GALO: The photographs are fabricated and digitized, which at times is a bit confusing or unsettling for the viewer. We do not expect to see owls on a park bench covered in fog. Is the viewer’s relationship to these photographs meant to parallel or mimic humans’ relationship to nature?

SJ: Humans are nature. There is a man/animal tension in the images, but the work is not about “us vs. them.” Everything is one. Our sense of reality and truth is to a great extent shaped by fantasy and delusion. Daily, we float in and out of consciousness, believing what our minds, our senses, our fears, desires, etc. tell us is real. Some of us manage to periodically or, if we’re lucky, permanently, awaken from this slumber, but even then it’s not about awakening to some x, y, and z answers and explanations, but about awakening to the wonder of everything.

The “unsettling confusion” you’re talking about is something that comes about when I try to articulate the instability of everything we take for granted and ponder life’s perplexities.

GALO: What do you think is the future for digitized and altered photography? Is “straight” photography on its way out or is it experiencing a resurgence?

SJ: For the same reason that photography never replaced painting, altered photography will never replace traditional photography. If you’re interested in the way the world appears, evidence, capturing moments in time, etc., you don’t want to mess with Photoshop, but if you’re trying to visualize something unseen, which I am, Photoshop is a great tool for that. With that said, not all images I make are Photoshopped. And I’ve also made sculptures for this series.

"Untitled #168, 2011 (Rino)" by artist Simen Johan. Photo Credit: Simen Johan.

“Untitled #168, 2011 (Rino)” by artist Simen Johan. Photo Credit: Simen Johan.

GALO: How does this series compare to your other exhibitions? In some of your photographs, you’ve used children to convey impulsive or intuitive impulse. Do animals impart similar ideas?

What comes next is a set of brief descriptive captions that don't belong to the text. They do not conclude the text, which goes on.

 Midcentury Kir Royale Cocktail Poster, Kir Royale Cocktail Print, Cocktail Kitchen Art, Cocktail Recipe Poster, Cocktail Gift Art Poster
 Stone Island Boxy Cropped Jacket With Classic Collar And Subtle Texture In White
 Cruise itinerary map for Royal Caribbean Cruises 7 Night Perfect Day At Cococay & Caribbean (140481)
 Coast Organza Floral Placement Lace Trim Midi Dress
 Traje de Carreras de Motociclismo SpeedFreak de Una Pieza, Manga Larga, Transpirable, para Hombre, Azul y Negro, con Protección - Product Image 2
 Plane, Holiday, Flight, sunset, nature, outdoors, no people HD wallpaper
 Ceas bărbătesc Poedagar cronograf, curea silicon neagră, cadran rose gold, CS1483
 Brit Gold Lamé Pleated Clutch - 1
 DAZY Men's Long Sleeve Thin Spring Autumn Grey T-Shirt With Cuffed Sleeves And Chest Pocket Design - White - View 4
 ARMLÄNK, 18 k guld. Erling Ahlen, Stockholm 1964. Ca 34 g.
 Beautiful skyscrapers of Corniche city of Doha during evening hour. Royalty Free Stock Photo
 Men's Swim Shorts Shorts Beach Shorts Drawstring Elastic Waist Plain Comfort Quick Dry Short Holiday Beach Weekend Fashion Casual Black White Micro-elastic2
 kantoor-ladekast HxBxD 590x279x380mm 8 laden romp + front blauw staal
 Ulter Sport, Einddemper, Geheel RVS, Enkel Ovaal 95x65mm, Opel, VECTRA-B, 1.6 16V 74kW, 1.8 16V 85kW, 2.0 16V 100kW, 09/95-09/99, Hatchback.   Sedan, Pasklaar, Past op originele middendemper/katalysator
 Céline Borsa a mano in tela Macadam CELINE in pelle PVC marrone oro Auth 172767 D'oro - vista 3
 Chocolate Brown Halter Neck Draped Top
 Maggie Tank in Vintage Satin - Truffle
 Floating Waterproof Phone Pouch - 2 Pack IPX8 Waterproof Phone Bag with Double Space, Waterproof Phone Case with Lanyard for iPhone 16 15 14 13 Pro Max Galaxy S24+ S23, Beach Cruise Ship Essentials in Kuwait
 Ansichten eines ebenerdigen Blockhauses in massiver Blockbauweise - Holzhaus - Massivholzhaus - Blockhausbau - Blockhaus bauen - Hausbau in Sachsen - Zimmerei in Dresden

SJ: In the earlier work, I portrayed a child’s world in which the primal need to explore and search for meaning manifested itself in mysterious and often ritualistic forms of creativity and play. The animal work is not about a search, but still about primal experiences without ego interference. It’s easier to identify with animals and children, because they are more like our own inner selves. As adults we build all sorts of surfaces and facades, take on identities and ideologies, etc. that are hard to penetrate and get real with.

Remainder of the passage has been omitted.